La semana pasada Graciela Coria, de 47 años, en Quilmes, y Rocío Micaela Cortés, de 24, en El Jagüel, murieron producto de las quemaduras recibidas. Las parejas de ambas están detenidas acusadas de haberlas asesinado prendiéndolas fuego.

"En la época de las quemas de brujas, las hogueras se usaban como excusa del odio, 'la purificación del mal'. Las mujeres somos el mal para estos varones que se desquician, dicen que por lo que nosotras provocamos. Es siempre disciplinador. Es la peor amenaza junto con te voy a sacar a los chicos", afirma Hendel, que desde hace años trabaja sobre la violencia de género.

"La agonía por quemadura es brutal y dolorosa. El femicidio por incineración consiste en quemar hasta causarle la muerte a una mujer víctima de violencia de género y constituye uno de los modos más cruentos. Quemar a las mujeres es un método que no siempre tiene como objetivo causar la muerte de la mujer, sino causarle sufrimiento permanente y dejarla desfigurada", agrega la especialista.

"Siempre pueden decir como el ex baterista de Callejeros, Eduardo Vásquez, se me cayó lo que bebía y se quemó con el cigarrillo, lo cual es imposible. Nadie se quema sola", sostiene Hendel, haciendo referencia al femicidio de Wanda Taddei.

"En 2010, cuando Vásquez la mata a Wanda Taddei hubo, 58 casos de mujeres quemadas, muchas de ellas sobrevivieron. En ese momento él estaba en libertad y yo pensaba que era por la impunidad, todos decían como él que se había tratado de un accidente", sostiene Jorge, el papá de Wanda, que hoy junto a su esposa ayuda a las víctimas de violencia de género.

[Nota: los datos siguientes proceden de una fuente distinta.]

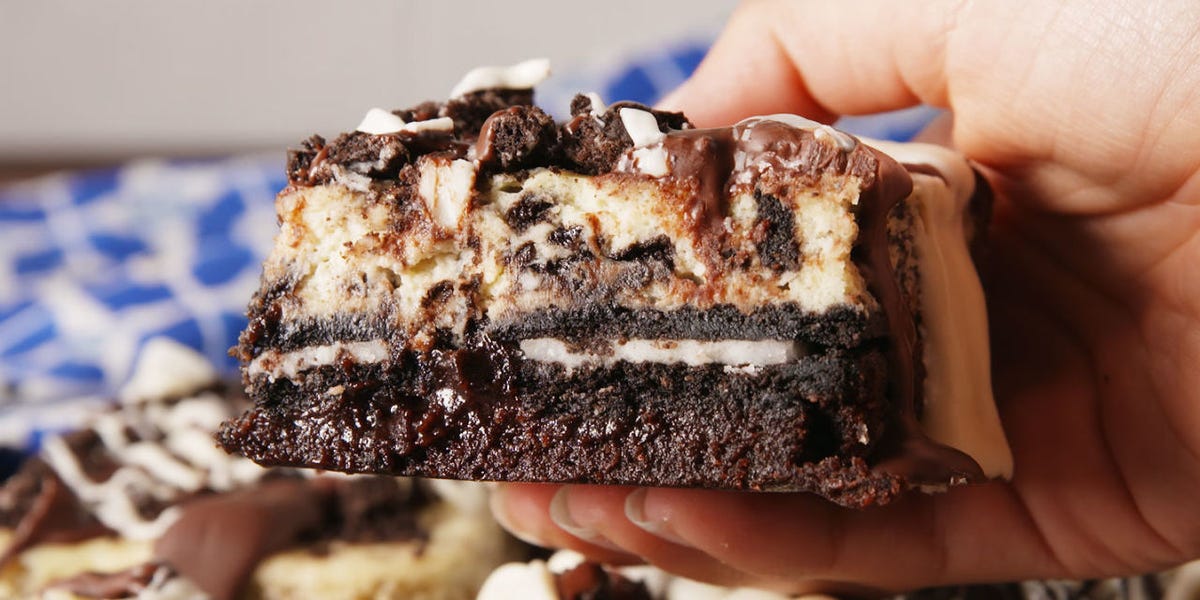 Oreogasm Cheesecake Bars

En general los femicidas suelen decir que las víctimas, tras un accidente al manipular alcohol, se prendieron fuego y que ellos intentaron ayudarlas, así buscan justificar las lesiones en sus manos.

"Quemarlas vivas implica una muerte dolorosa, cruel, es una manera de tomar una revancha por lo que creen que ellas no han cumplido, por no satisfacerles su deseo, por no cumplir el supuesto rol de sumisión impuesto socialmente. Esta herida narcisista está asociada con la crueldad. El fuego suele estar asociado a la destrucción total, a la reducción a cenizas", señala la perfiladora criminal María Laura Quiñones Urquiza.

Quitarles la vida con dolor o dejarle marcas de por vida es lo que busca este tipo de hombres.